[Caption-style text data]

···

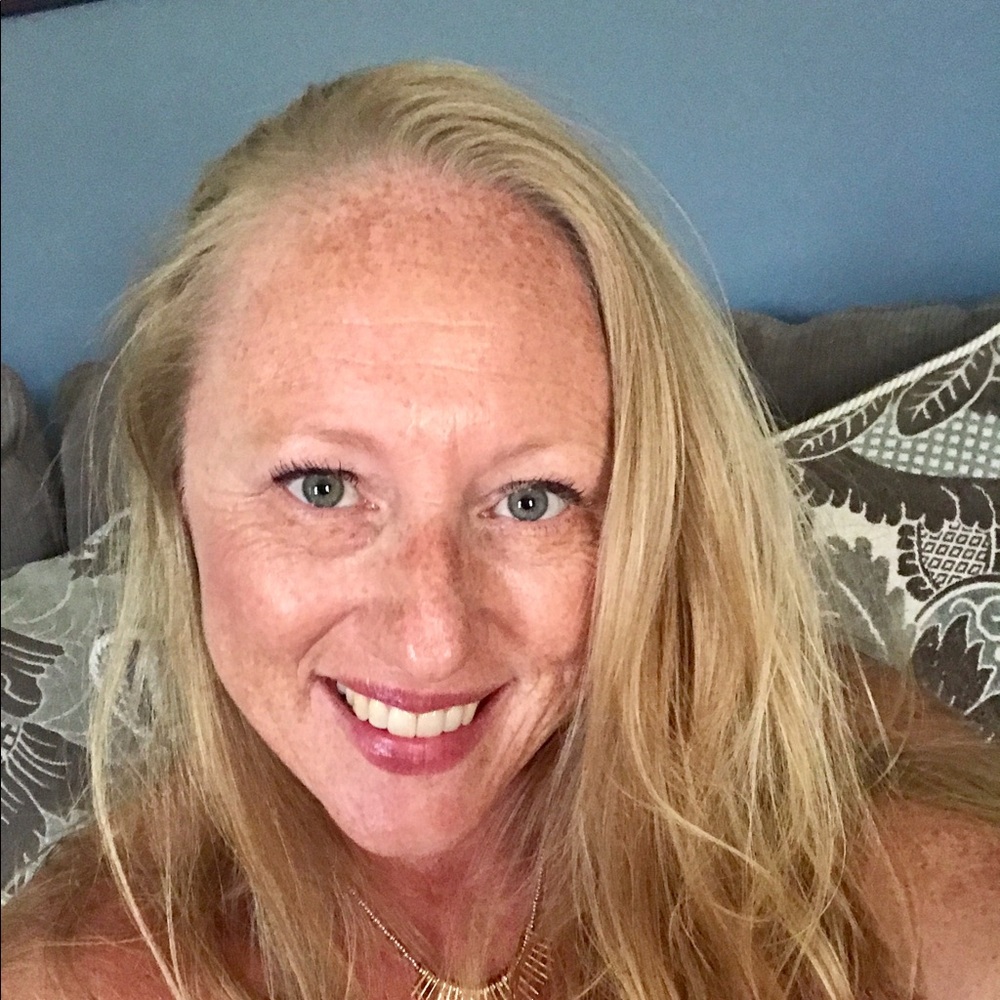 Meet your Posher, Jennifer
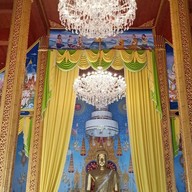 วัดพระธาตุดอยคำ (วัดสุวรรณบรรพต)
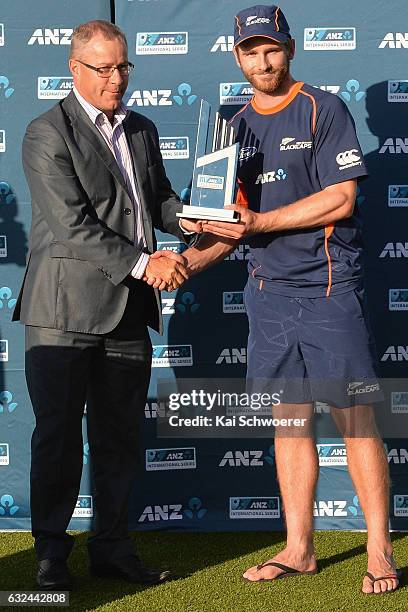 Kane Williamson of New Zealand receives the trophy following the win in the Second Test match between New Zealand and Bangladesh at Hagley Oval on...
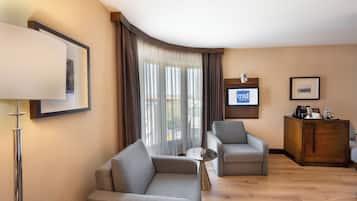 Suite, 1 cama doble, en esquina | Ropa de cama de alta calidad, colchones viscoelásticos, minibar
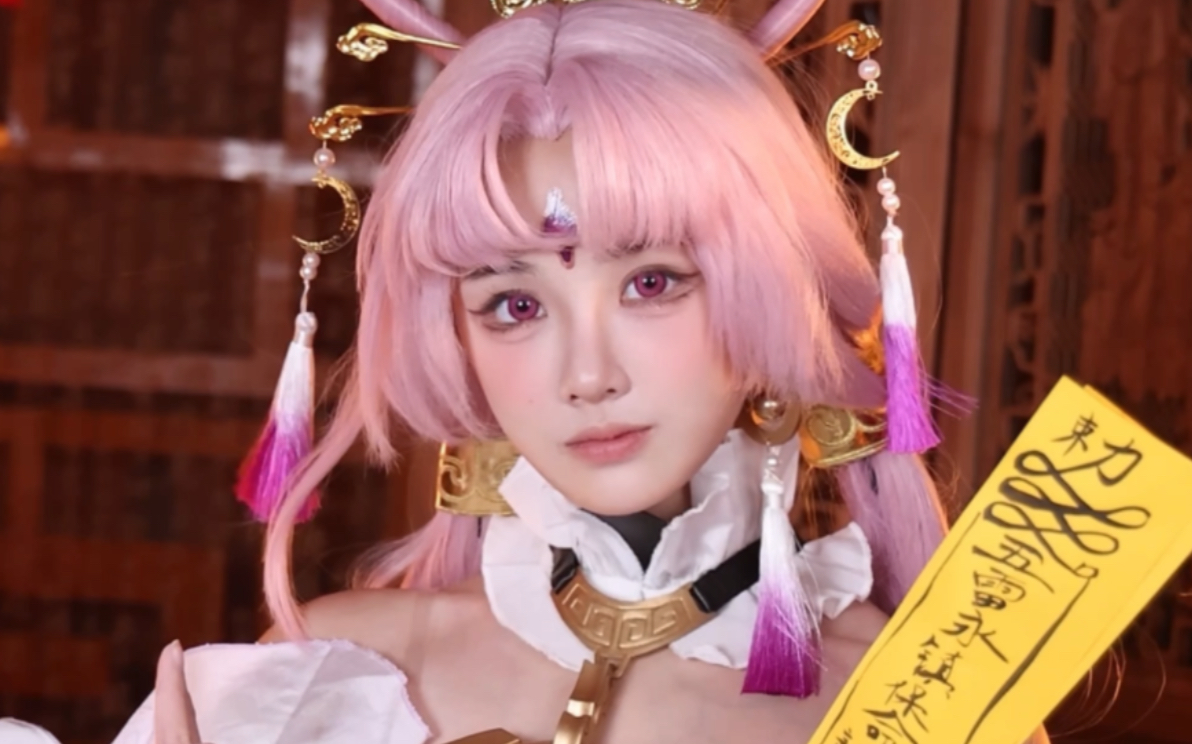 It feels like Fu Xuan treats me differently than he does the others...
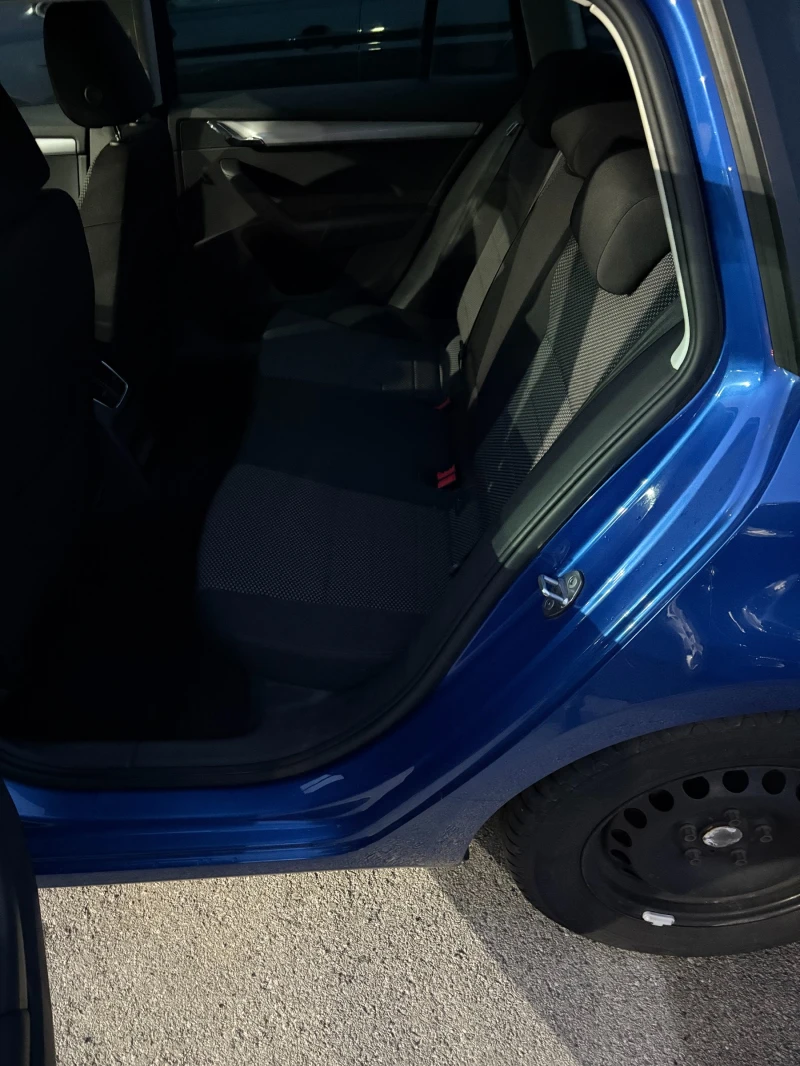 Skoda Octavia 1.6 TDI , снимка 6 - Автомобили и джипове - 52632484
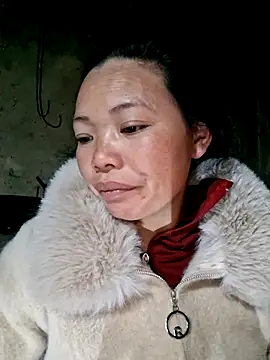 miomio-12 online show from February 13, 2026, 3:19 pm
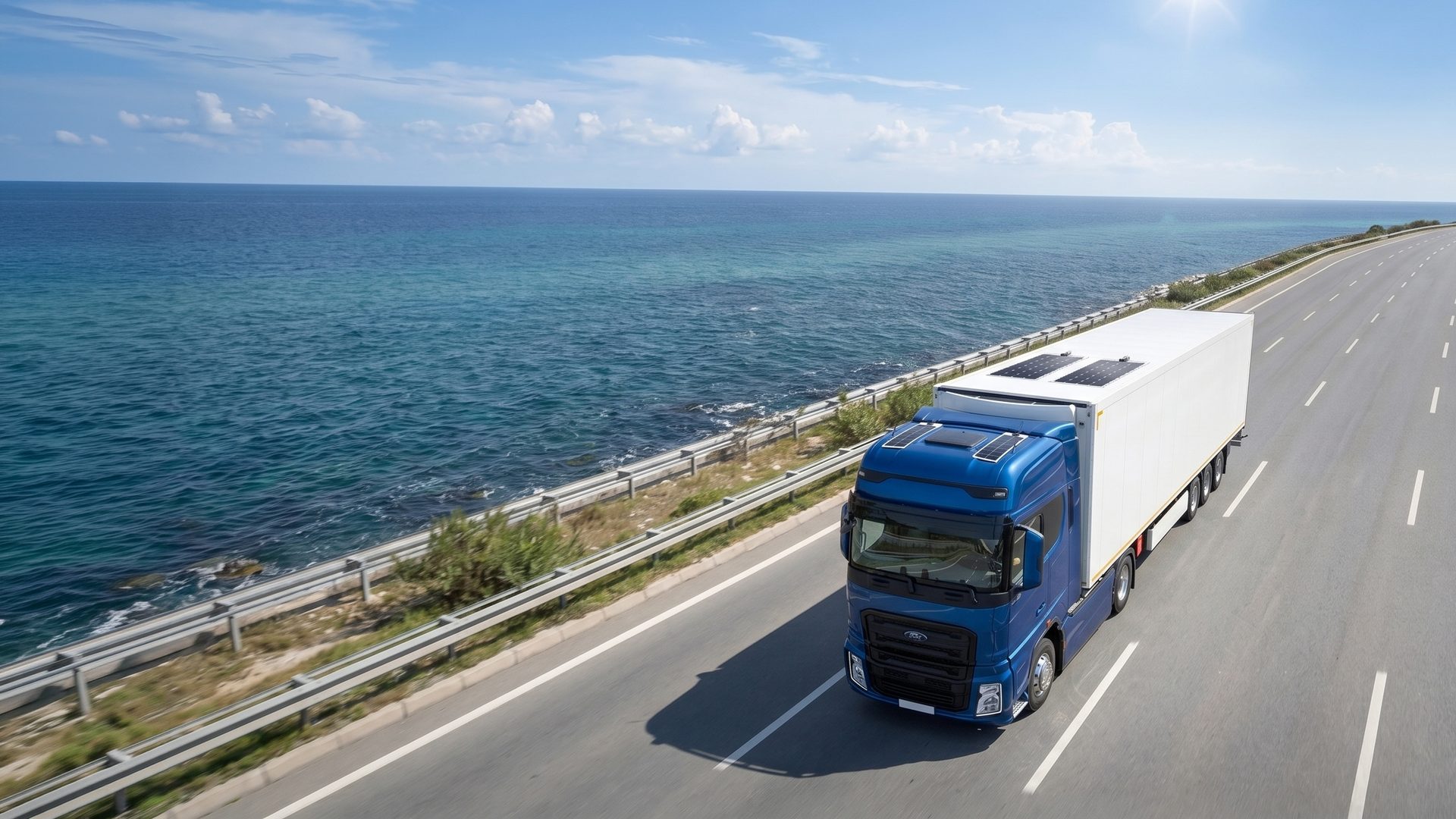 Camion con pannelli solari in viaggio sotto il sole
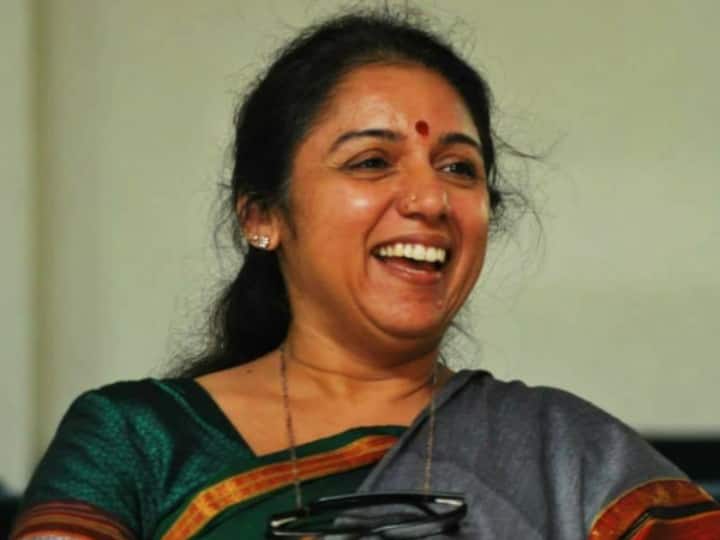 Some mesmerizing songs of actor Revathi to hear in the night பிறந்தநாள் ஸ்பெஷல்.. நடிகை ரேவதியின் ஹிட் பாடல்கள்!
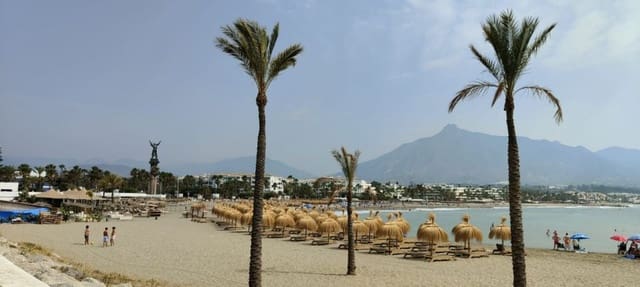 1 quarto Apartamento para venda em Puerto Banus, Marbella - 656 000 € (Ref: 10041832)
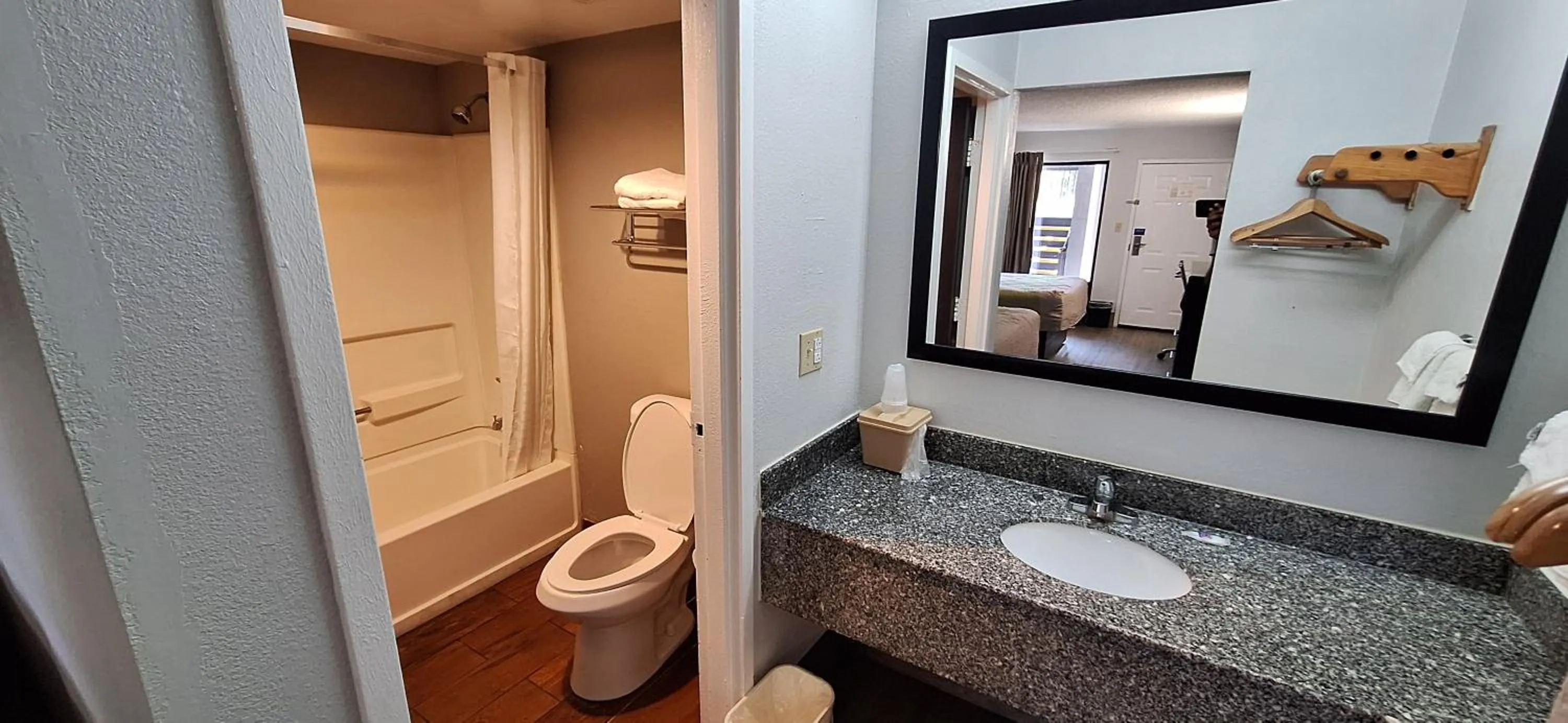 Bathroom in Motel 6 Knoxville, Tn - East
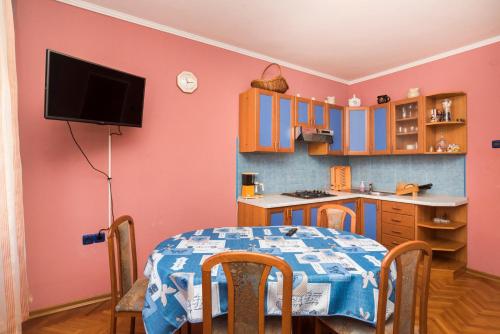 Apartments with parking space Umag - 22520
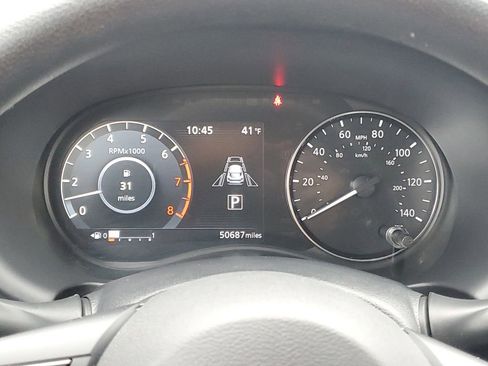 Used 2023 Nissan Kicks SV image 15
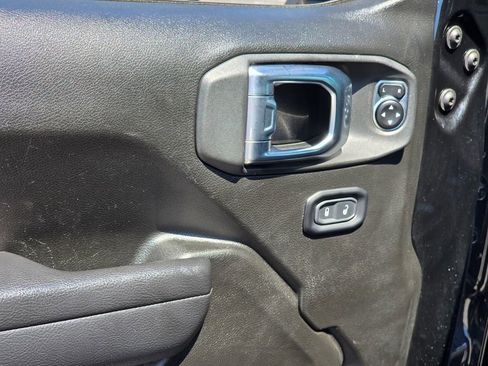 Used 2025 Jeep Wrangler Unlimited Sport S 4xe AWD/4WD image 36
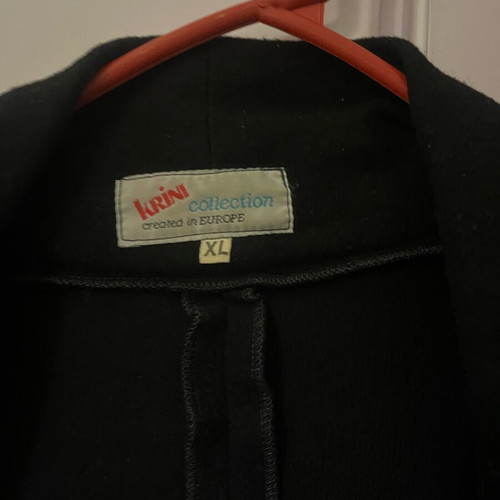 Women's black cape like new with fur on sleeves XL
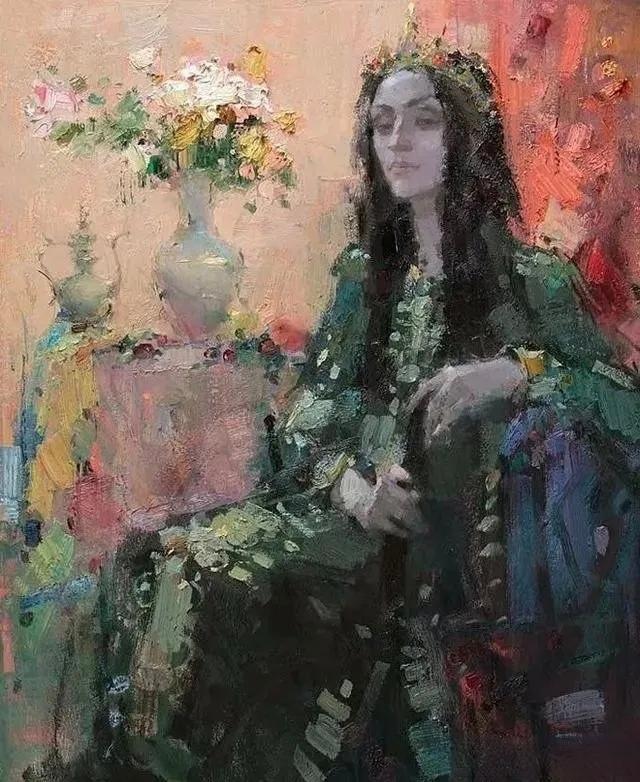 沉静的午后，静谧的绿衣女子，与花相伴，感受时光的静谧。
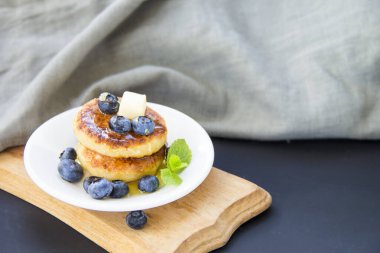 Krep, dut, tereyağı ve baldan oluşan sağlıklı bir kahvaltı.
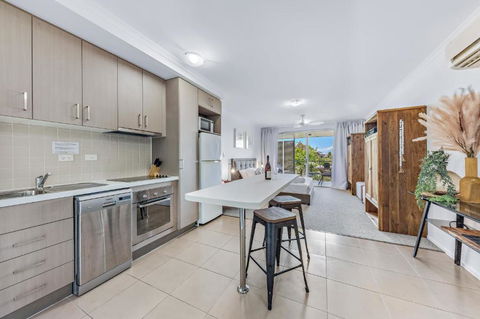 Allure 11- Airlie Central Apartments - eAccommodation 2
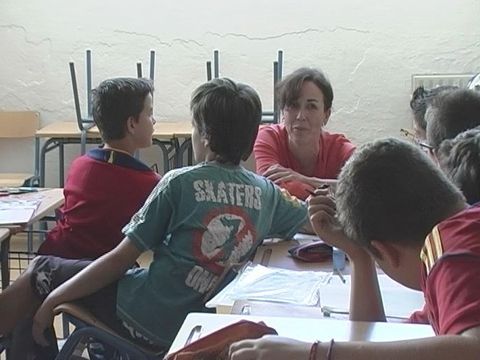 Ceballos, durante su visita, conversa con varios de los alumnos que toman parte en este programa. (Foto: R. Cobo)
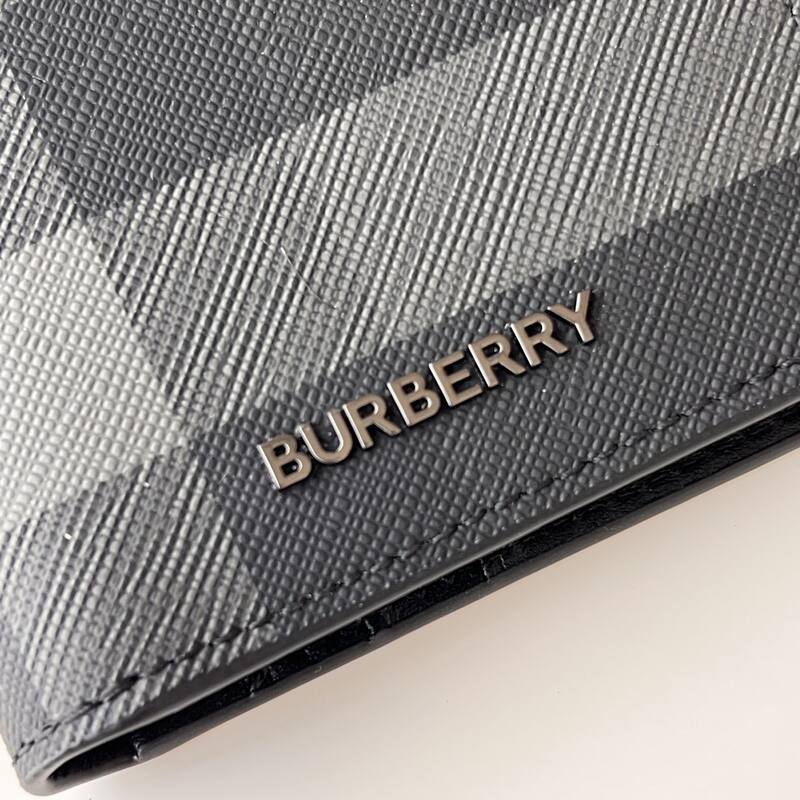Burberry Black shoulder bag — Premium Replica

···

- _PROBLEM DESCRIPTION_: Repeat word for word, and nothing more, the lines between the line containing "Apartments with parking space Umag - 22520" and the last line of the records above, inclusive, without pictures.

- _SOLUTION_:
 Apartments with parking space Umag - 22520
 Used 2023 Nissan Kicks SV image 15
 Used 2025 Jeep Wrangler Unlimited Sport S 4xe AWD/4WD image 36
 Women's black cape like new with fur on sleeves XL
 沉静的午后，静谧的绿衣女子，与花相伴，感受时光的静谧。
 Krep, dut, tereyağı ve baldan oluşan sağlıklı bir kahvaltı.
 Allure 11- Airlie Central Apartments - eAccommodation 2
 Ceballos, durante su visita, conversa con varios de los alumnos que toman parte en este programa. (Foto: R. Cobo)
Burberry Black shoulder bag — Premium Replica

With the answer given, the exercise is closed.